= Beginning of Section =

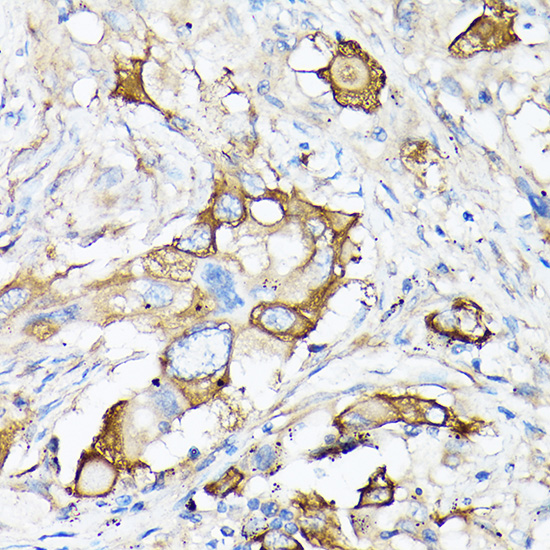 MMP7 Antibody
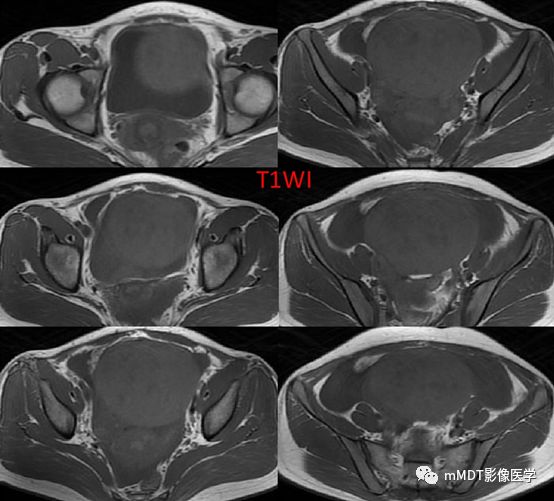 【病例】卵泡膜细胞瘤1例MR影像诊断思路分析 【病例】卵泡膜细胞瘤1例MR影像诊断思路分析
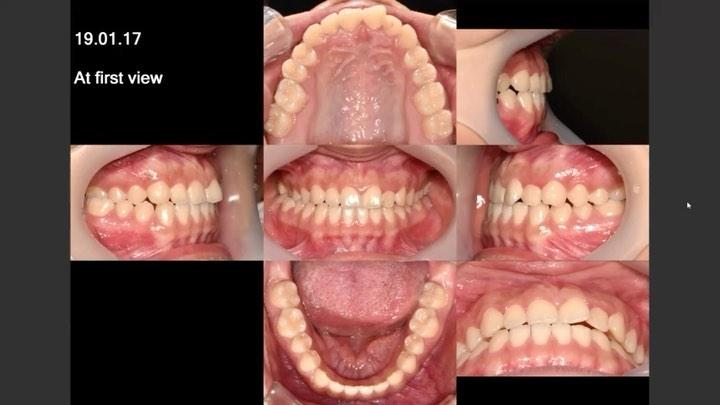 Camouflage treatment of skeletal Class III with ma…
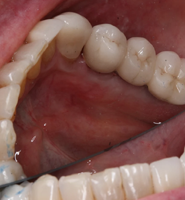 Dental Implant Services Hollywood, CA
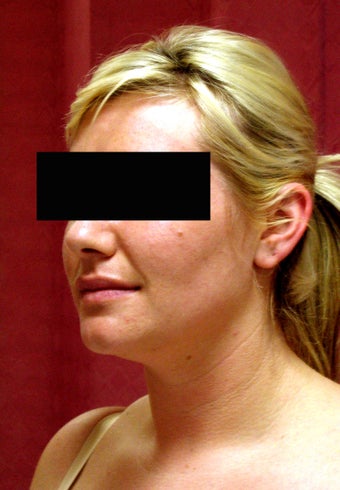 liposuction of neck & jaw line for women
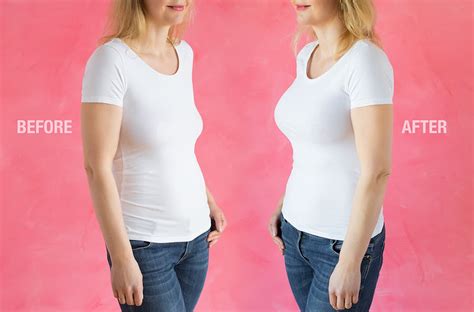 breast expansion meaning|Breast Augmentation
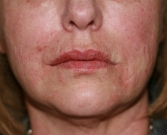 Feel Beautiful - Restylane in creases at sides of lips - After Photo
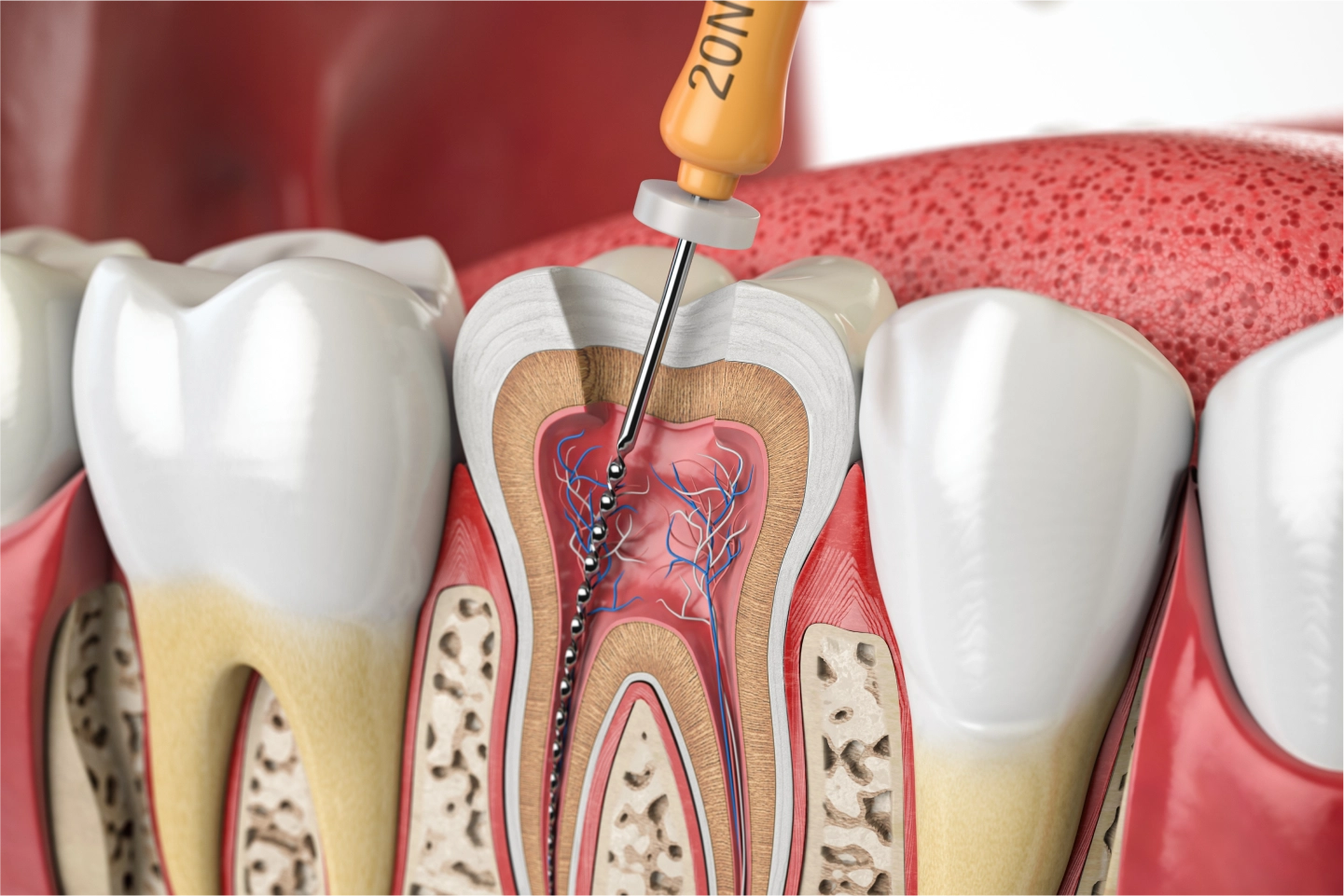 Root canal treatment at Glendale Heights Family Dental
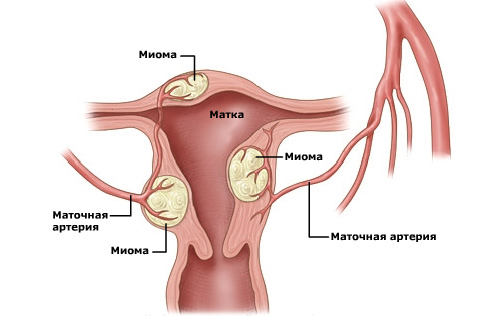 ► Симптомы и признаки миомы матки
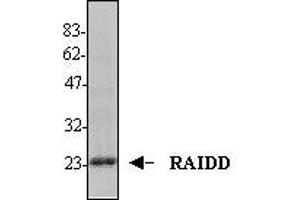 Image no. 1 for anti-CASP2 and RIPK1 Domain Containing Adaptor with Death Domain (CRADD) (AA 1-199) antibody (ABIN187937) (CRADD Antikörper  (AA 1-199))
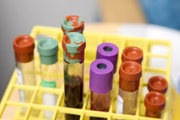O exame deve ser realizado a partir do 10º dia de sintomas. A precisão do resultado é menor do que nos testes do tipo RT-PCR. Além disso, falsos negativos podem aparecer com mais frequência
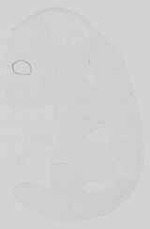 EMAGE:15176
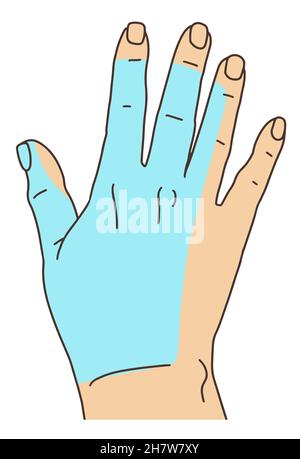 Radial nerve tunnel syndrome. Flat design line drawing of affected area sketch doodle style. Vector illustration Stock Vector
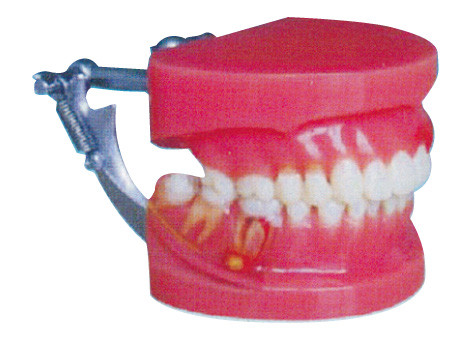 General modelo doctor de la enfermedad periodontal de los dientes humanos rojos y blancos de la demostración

= End of Section =

**Assignment**
The lines to copy begin at the one containing "Root canal treatment" and end at the last line of the records. Set down exactly those lines and no others, both ends included, and omit all pictures.

**Response to this exercise**
 Root canal treatment at Glendale Heights Family Dental
 ► Симптомы и признаки миомы матки
 Image no. 1 for anti-CASP2 and RIPK1 Domain Containing Adaptor with Death Domain (CRADD) (AA 1-199) antibody (ABIN187937) (CRADD Antikörper  (AA 1-199))
O exame deve ser realizado a partir do 10º dia de sintomas. A precisão do resultado é menor do que nos testes do tipo RT-PCR. Além disso, falsos negativos podem aparecer com mais frequência
 EMAGE:15176
 Radial nerve tunnel syndrome. Flat design line drawing of affected area sketch doodle style. Vector illustration Stock Vector
 General modelo doctor de la enfermedad periodontal de los dientes humanos rojos y blancos de la demostración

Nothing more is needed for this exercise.